The new Policy Statement is an effort by the Biden FTC to give notice to the business community of its intentions with respect to both its enforcement and asserted rulemaking authority, and will likely serve as the foundation of the Commission’s policy agenda going forward. It reaffirms the uncontroversial proposition that “unfair methods of competition” extends beyond the boundaries of the Sherman and Clayton Acts, but has stirred controversy in its approach to defining exactly how far beyond. As is more fully explained below, it defines unfair methods of competition broadly, seeks to reduce the FTC’s burden of proving offenses under Section 5, and limits the opportunities for parties to justify their conduct. The test of this new guidance, however, will come when the Commission chooses to use these principles to bring individual enforcement actions or to promulgate competition rules.
Background
Section 5(a) of the FTC Act, 15 U.S.C. § 45(a)(1), prohibits “unfair methods of competition” and empowers the agency to pursue a cease and desist order through an administrative proceeding or seek an injunction in federal district court. The statute, however, does not define “unfair methods of competition,” which has led to debate regarding the scope and extent of that authority. In 2015, the FTC approved on a bipartisan basis a “Statement of Enforcement Principles,” which provided a framework for how the agency enforces this provision. According to that statement, the FTC would decide whether to bring an action for a Section 5 violation using a burden-shifting framework similar to the “rule of reason” analysis that courts apply when evaluating most claims under the Sherman and Clayton Acts. Under this framework, the action at issue must “cause, or be likely to cause, harm to competition or the competitive process, taking into account any associated cognizable efficiencies and business justifications.”

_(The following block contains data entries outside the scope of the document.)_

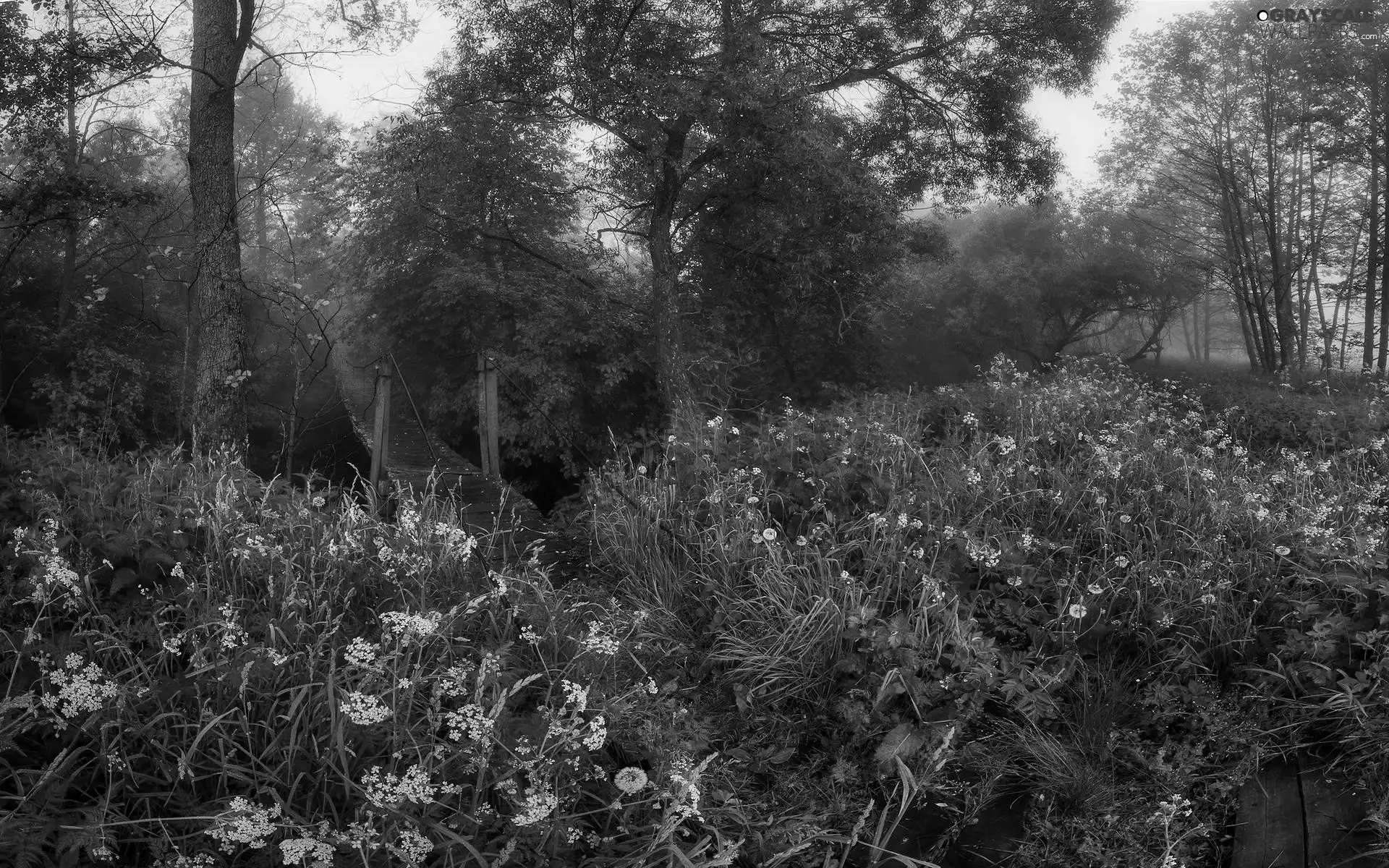 bridge, Meadow, trees, viewes, grass, wooden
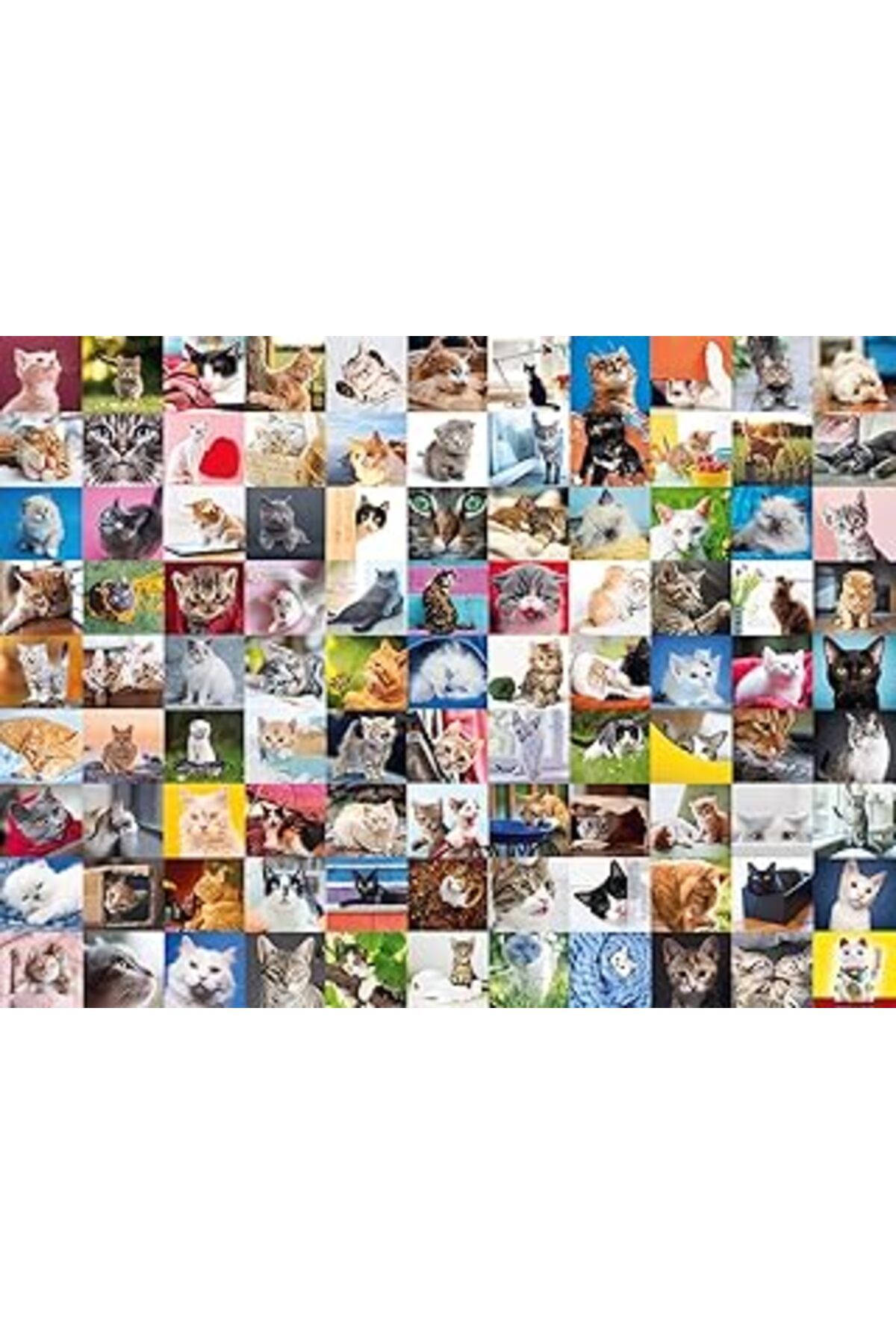 karadağsb Ravensburger 1500P Puz 99 Kedi, Çok Renkli
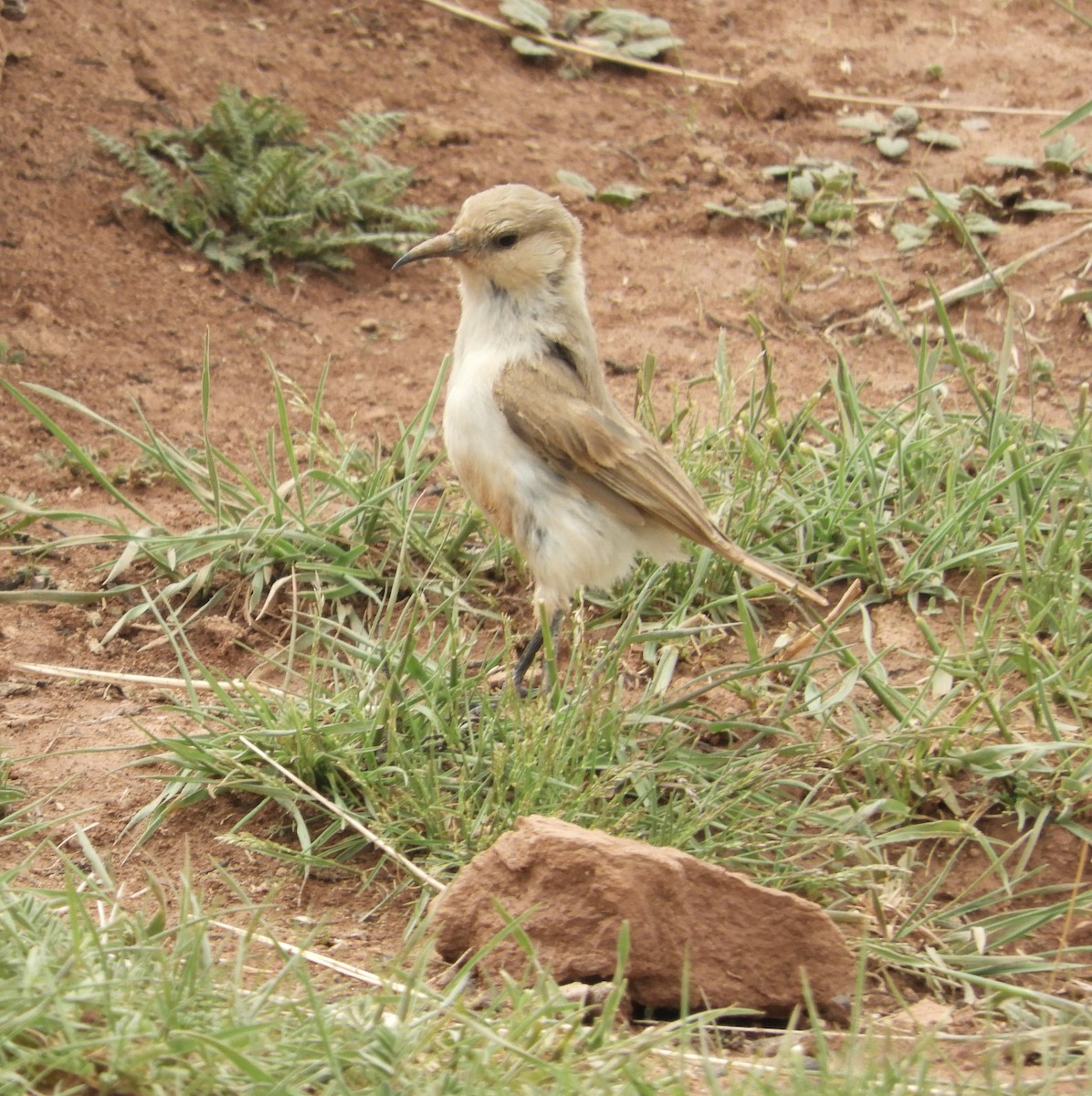 Mésange de Hume - ML620597042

In 2021, shortly after Lina Khan became Chair, the FTC on a 3-2 vote rescinded that 2015 statement. Chair Khan remarked at the time that the action was “only the start of [the FTC’s] efforts to clarify Section 5.” The new Policy Statement appears to be the next step in that process. However, defining the ultimate scope of the broad statutory language must await both the FTC’s subsequent decisions on what antitrust cases to bring under these new principles and how those cases fare in the courts.
The FTC’s New Interpretation of “Unfair Methods of Competition”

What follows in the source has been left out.